TASK STATEMENT.
Reproduce every record exactly as written.

DATA.

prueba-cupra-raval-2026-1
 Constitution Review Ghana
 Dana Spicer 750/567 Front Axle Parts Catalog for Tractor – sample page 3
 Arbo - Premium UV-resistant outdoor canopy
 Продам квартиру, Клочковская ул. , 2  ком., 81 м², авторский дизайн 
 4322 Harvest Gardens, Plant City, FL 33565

EXERCISE RESPONSE.
prueba-cupra-raval-2026-1
 Constitution Review Ghana
 Dana Spicer 750/567 Front Axle Parts Catalog for Tractor – sample page 3
 Arbo - Premium UV-resistant outdoor canopy
 Продам квартиру, Клочковская ул. , 2  ком., 81 м², авторский дизайн 
 4322 Harvest Gardens, Plant City, FL 33565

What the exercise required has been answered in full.